:: Activity ::
Nothing but the lines from the start of the records below through the line that has "V6 3.0 06C133551" should appear, each exactly as given.

[Stored items from a collection]
◆ ◆ ◆ ◆ ◆

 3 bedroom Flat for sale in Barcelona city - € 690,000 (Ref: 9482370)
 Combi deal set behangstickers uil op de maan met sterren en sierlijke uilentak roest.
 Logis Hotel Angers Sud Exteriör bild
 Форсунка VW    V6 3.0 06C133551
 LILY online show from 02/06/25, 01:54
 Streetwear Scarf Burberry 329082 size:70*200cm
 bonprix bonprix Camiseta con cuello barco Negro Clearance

◆ ◆ ◆ ◆ ◆

:: Answer below ::
 3 bedroom Flat for sale in Barcelona city - € 690,000 (Ref: 9482370)
 Combi deal set behangstickers uil op de maan met sterren en sierlijke uilentak roest.
 Logis Hotel Angers Sud Exteriör bild
 Форсунка VW    V6 3.0 06C133551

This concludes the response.